As expected, blocking I/O results align with Tomcat’s default thread pool settings: Tomcat uses a pool of 200 threads by default. Since each thread can be blocked for 500ms during a blocking operation, it can handle a theoretical maximum of 400 requests per second (RPS). Our measurements align with this theoretical maximum, confirming the expected performance under these conditions.

When we wrap the blocking I/O operation in a CompletableFuture submitted to a separate thread pool, we allow the controller thread to handle new connections sooner. This adjustment significantly improves throughput, with measurements showing an increase of approximately 760 RPS.

The performance results using suspend functions and the Deferred type in combination with Dispatchers.IO might initially seem surprising. However, upon checking the documentation, we note that the number of threads used by tasks in this dispatcher defaults to the greater of 64 threads or the number of CPU cores available. This limit can constrain performance if the number of concurrent tasks exceeds this threshold.

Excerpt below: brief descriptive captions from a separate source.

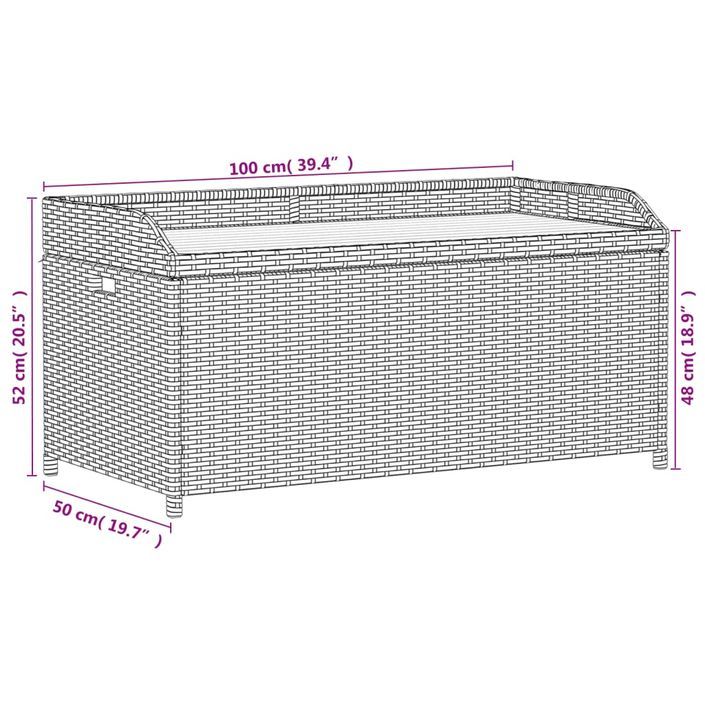 Banc de rangement mélange beige résine tressée et bois d'acacia - Photo n°11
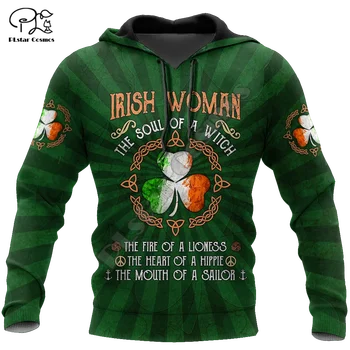 3d Принт Ирландски детелината, Свети Патрик, Забавни Мъжки и дамски блузи в стил Харадзюку, градинска дрехи, hoody с цип С20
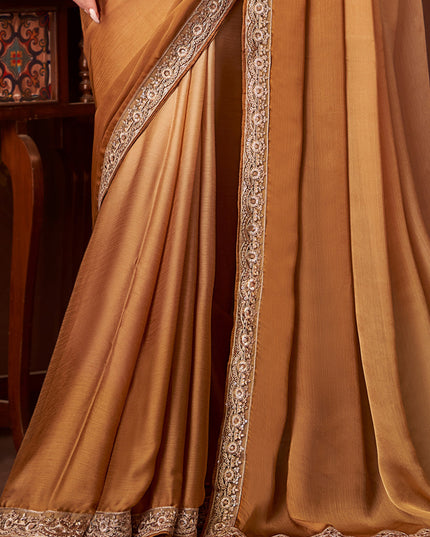 Adorable Ombre Mustard Satin Chiffon Embroidered Saree for Wedding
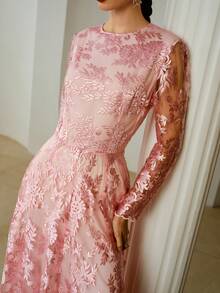 ZEYLAH 刺绣花卉优雅长腰束腰连衣裙 - 粉色 - 查看 2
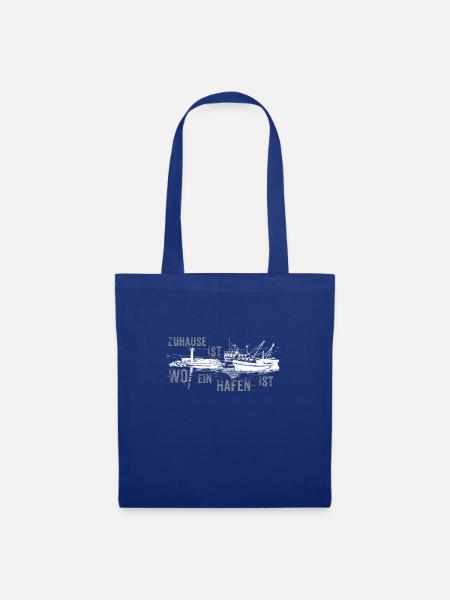 Zuhause ist wo ein Hafen ist Hafenstadt Hamburg - Stoffbeutel - Royalblau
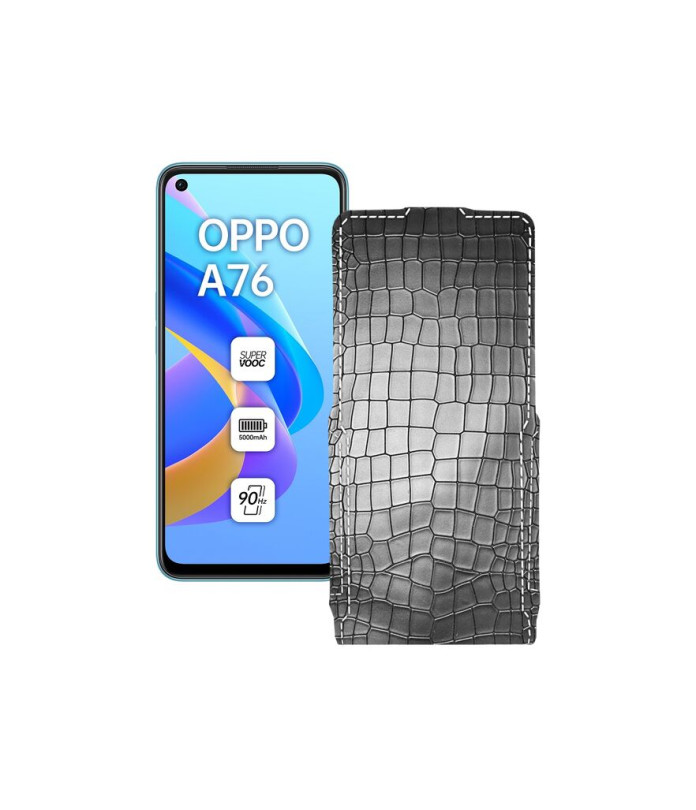 Чохол-флип з екошкіри для телефону OPPO A76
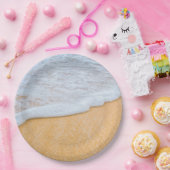 Assiettes En Carton Plage de sable avec Surf en mousse (Fête)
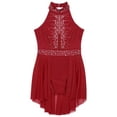 thumbnail image 6 of YIZYIF Kids Girls Lyrical Dance Skirted Leotard Shiny Rhinestones Bodice Cutout Back Latin Jazz Dance Dress Burgundy 16, 6 of 7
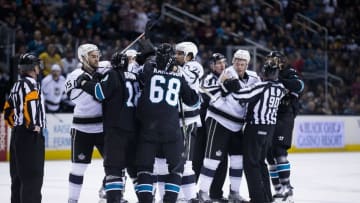 Jan 24, 2016; San Jose, CA, USA; San Jose Sharks and Los Angeles Kings players in an altercation during the second period at SAP Center at San Jose. Mandatory Credit: Kelley L Cox-USA TODAY Sports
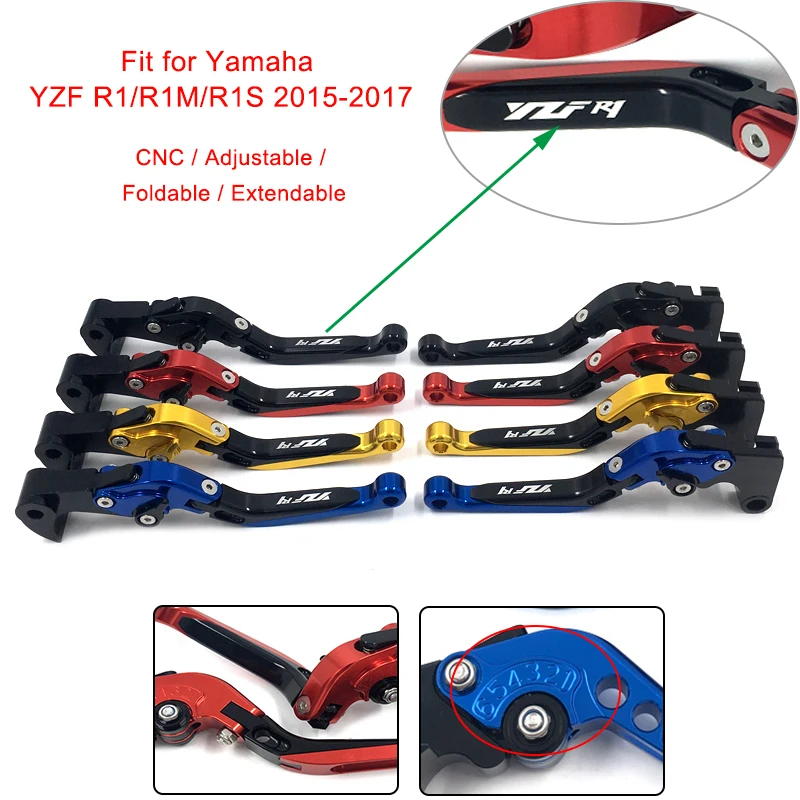 2015 2016 R1 R1M R1S Motorcycle CNC Adjustable Foldable Extendable Brakes Clutch Levers For Yamaha YZF R1 R1M R1S 2015 2016 2017 (1)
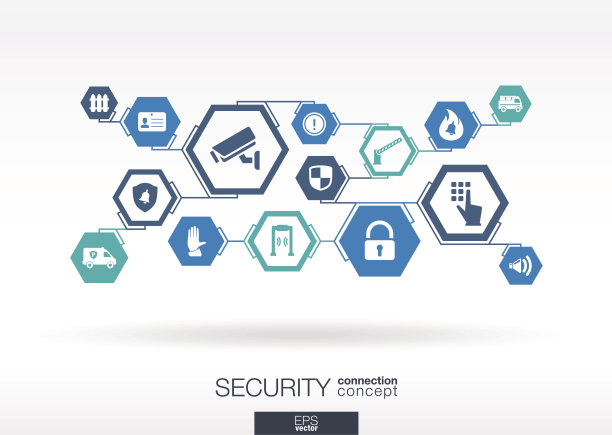 安全网络。六边形抽象背景与线，多边形，集成图标。素材图片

To optimize performance further, we can create a custom dispatcher that utilizes an unbounded and caching thread pool when using withContext(...). This adjustment provides more flexibility and can improve performance when handling blocking I/O in high-throughput scenarios:

val ioDispatcher = Executors.newCachedThreadPool().asCoroutineDispatcher()

@GetMapping("/deferredIO2")
suspend fun deferredIO2(): Deferred<String> =
    coroutineScope {
        async(ioDispatcher) {
            Thread.sleep(500)
            "deferredIO2"
        }
    }

The custom dispatcher can also be used with the suspend + Dispatchers.IO example.

	Requests per second	Average latency p99 (ms)
Deferred + custom dispatcher	764	595

This drastically improves the performance so it’s comparable to the CompletableFuture example.

WebFlux

	Requests per second	Average latency p99 (ms)
no-op	15806.90	84.08
suspend + no-op	14316.92	85.86
blocking I/O	7.7	29000
mono + I/O	19.60	20000

Results from the no-op endpoints show that WebFlux outperforms Tomcat. This improved performance is largely due to WebFlux’s non-blocking nature, which allows it to handle a larger number of concurrent requests while consuming less system resources.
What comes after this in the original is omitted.